When I spoke with Yvonne 2 days before the Big Rollback this was one of the two questions I left her with (the other being how they could increase the lockoff premium without balancing it anywhere else, when the contract says any increase must be balanced). I pointed to her paragraph 10.6.3 of the condominium declaration where it says what happens if a unit is damaged so it cannot be rebuilt and it is removed from the system.
This is what the contract says:

In this regard any insurance proceeding resulting from the failure to reconstruct or replace a Unit will be disboursed to affect Owners for their share of the non-reconstructed or replaced Unit resulting in their withdrawal from partecipation in the Home Resort Reservation Component and the DVC reservation component so that members of the Club will not be attempting to make reservations for available DVC Resort Vacation Homes on a greater than "one-to-one purchaser to accommodation ratio", as that term is defined in Section 721.05(23), Florida Statues
(my emphasis)

Nowhere in the POS a reallocation is allowed to rebalance the resort because of the removal of a Unit. A reallocation is allowed only to balance demand. What this paragraph says is that if a Unit and all its owners are removed from the system, then the rest of the resort must be in balance. This is coherent with the one-to-one rule in the Florida laws which applies to each Timeshare Unit, not to the whole resort. I haven't yet found and no one pointed an addendum to the law that for point timeshares it is different.

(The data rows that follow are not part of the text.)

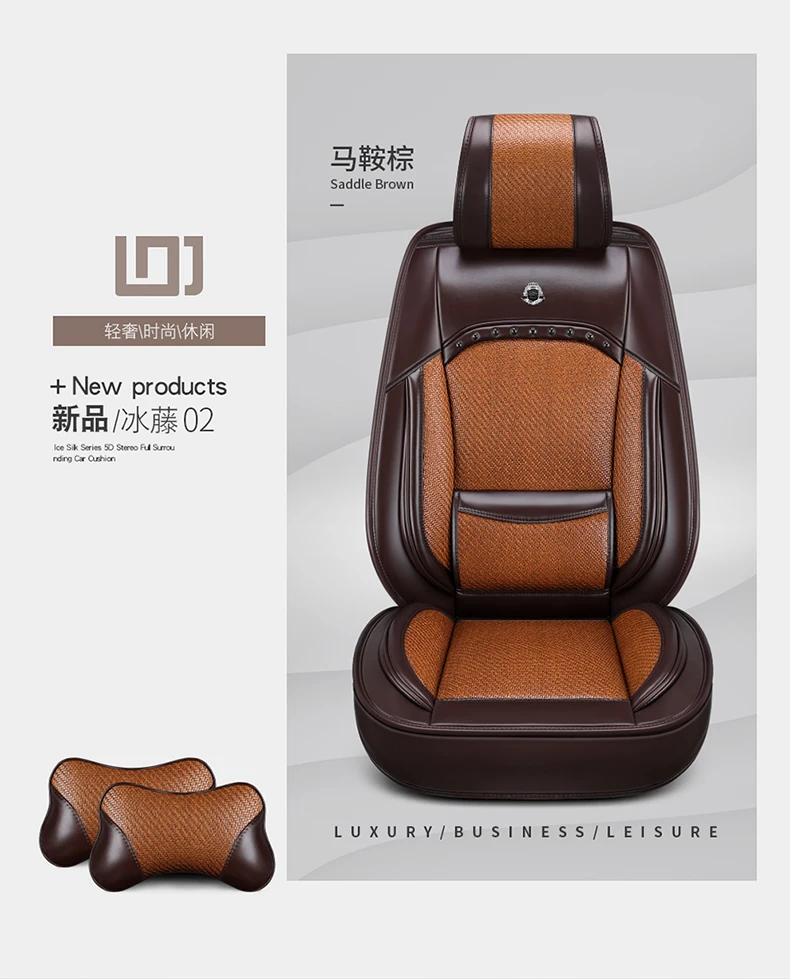 Подушка для автомобильных сидений из ротанга, кожа, Toyota Corolla, двойной двигатель, подтяжка лица, все края включены, чехол для сиденья, лето, на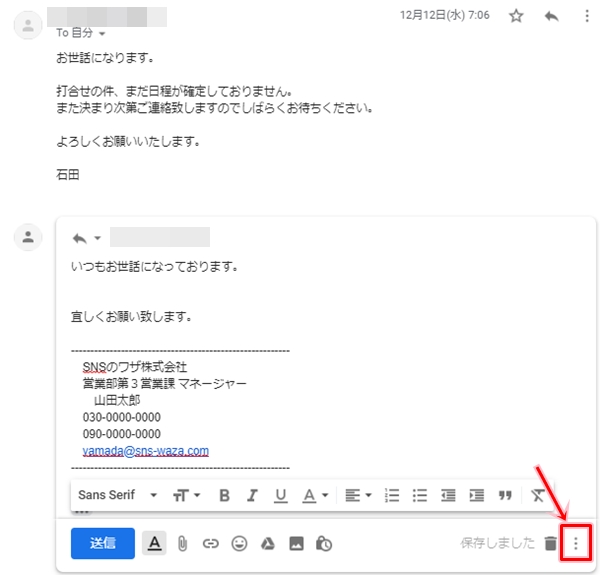 Gmail 定型文 テンプレート でメールを作成する アプリの鎖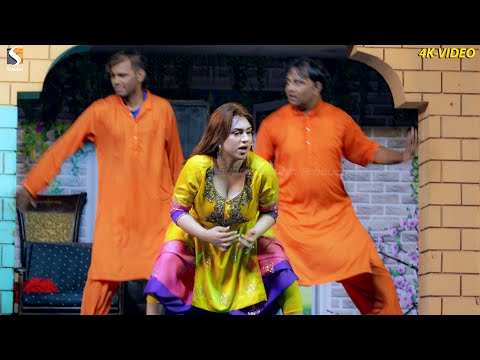Khatan Gayi Te , Rimal Ali Shah Dance Performance Minerva Theater Faisalabad 2022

When she asked me what I wanted, I said they should rollback the reallocation to the 2019 charts (adjusted for floating holidays) and she replied that would not happen because everything had been done in accordance to the law and approved by the relevant authorities. But she promised to call me back in a week and answer to my questions. Well, two days later they rolled back the point charts and I haven't heard from her yet.

I am beginning to believe that Yvonne and DVC have a complete misunderstanding of the legal requirements. It seems she keeps saying that the law statutorily requires the kind of reallocation DVC wants to do to rebalance demand, and that the law therefore overrules anything in the POS, the DVC Membership Agreement, and DVC's representations as to what it is allowed to do. If that is what is going on, Yvonne and DVC are wrong. Let us look at the statutes. There are two potentially applicable statutes:

A. Fl. Stats §721.13 (12)(a and b) which read:

(a) In addition to any other rights granted by the rules and regulations of the timeshare plan, the managing entity of a timeshare plan is authorized to manage the reservation and use of accommodations using those processes, analyses, procedures, and methods that are in the best interests of the owners as a whole to efficiently manage the timeshare plan and encourage the maximum use and enjoyment of the accommodations and other benefits made available through the timeshare plan. The managing entity shall have the right to forecast anticipated reservation and use of the accommodations, including the right to take into account current and previous reservation and use of the accommodations, information about events that are scheduled to occur, seasonal use patterns, and other pertinent factors that affect the reservation or use of the accommodations. In furtherance of the provisions of this subsection, the managing entity is authorized to reserve accommodations, in the best interests of the owners as a whole, for the purposes of depositing such reserved use with an affiliated exchange program or renting such reserved accommodations in order to facilitate the use or future use of the accommodations or other benefits made available through the timeshare plan.

(b) A statement in conspicuous type, in substantially the following form, shall appear in the public offering statement as provided in s. 721.07:

The managing entity shall have the right to forecast anticipated reservation and use of the accommodations of the timeshare plan and is authorized to reasonably reserve, deposit, or rent the accommodations for the purpose of facilitating the use or future use of the accommodations or other benefits made available through the timeshare plan."

That is the statute applicable to DVCMC (now just DVCM) as the manager of the timeshare plan for each home resort and states what DVCM can do in relation to balancing demand at each separate home resort. The statute allows it to use computer methods and analysis to determine the varying demand that might exist at the resort. However, that statute does not allow DVCM to do anything about uneven demand by changing the applicable rules for making reservations at the home resort. That is because anything DVCM can do in that area is controlled by the POS and contracts applicable to the timeshare. The statute instead allows it to rent rooms or deposit them into any timeshare exchange program that the resort may be a part of in order fill unreserved rooms.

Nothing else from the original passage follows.